# GhOST: a GPU Out-of-Order Scheduling Technique for Stall Reduction

**Authors:** I. Chaturvedi, B. R. Godala, Y. Wu, Z. Xu, K. Iliakis, P.-E. Eleftherakis, S. Xydis, D. Soudris, T. Sorensen, S. Campanoni, T. M. Aamodt, D. I. August  
**Venue:** ISCA, 2024  
**PDF:** [ghost.pdf](../ghost.pdf) | **Full Markdown:** [ghost.md](../markdown/ghost.md)
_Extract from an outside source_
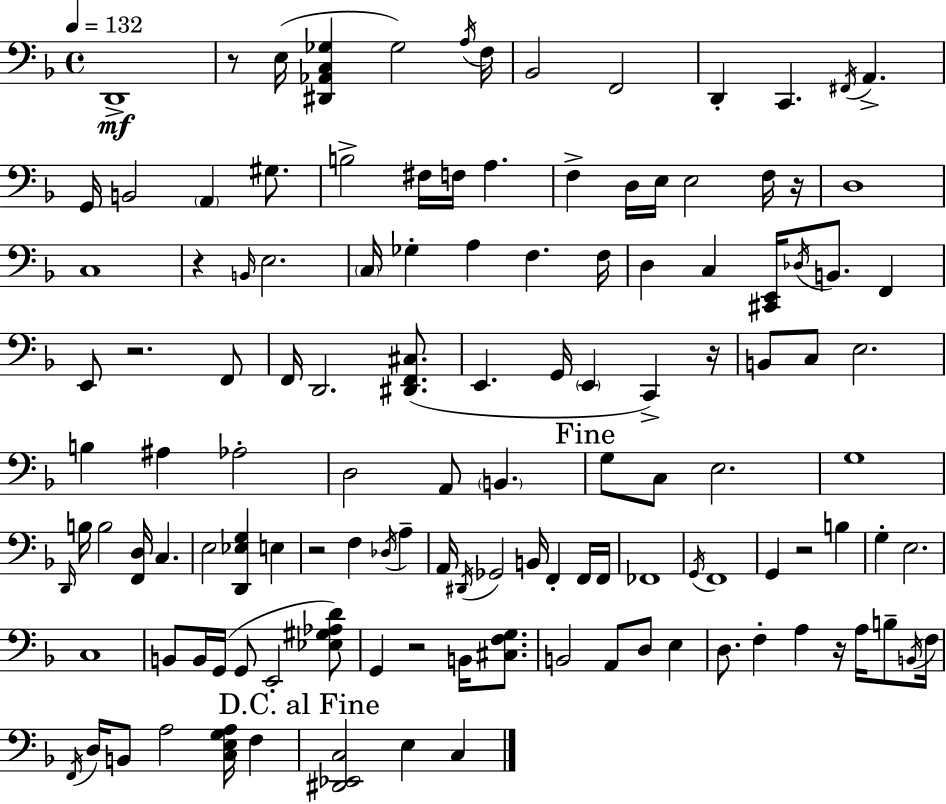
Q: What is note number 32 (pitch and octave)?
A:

This paper introduces GhOST, a minimal yet effective out-of-order (OoO) execution technique for GPUs that reduces stall cycles without the costly hardware of prior proposals.

## Key Contributions

- **Lightweight OoO execution**: Leverages the decode stage's existing pool of decoded instructions and the issue stage's pipeline information to select instructions for OoO execution with minimal additional hardware (only 0.007% area increase).
- **Two surprising insights**: (1) Prior works used NVIDIA's intermediate representation PTX for evaluation, but optimized static scheduling of final binaries negates many purported OoO improvements; (2) The prior state-of-the-art OoO technique actually results in average slowdown.
- **No slowdowns**: Unlike prior approaches, GhOST never slows down any measured benchmark, achieving 36% maximum and 6.9% geomean speedup on GPU binaries.

## Summary

GPUs use massive multi-threading to hide instruction latencies, but memory instructions with variable latencies still cause stalls. Prior OoO GPU proposals required costly features like register renaming and load-store queues. GhOST achieves a substantial portion of idealized OoO reorderings without these expensive components, demonstrating that a write-back constraint used by other approaches is unnecessary and harmful.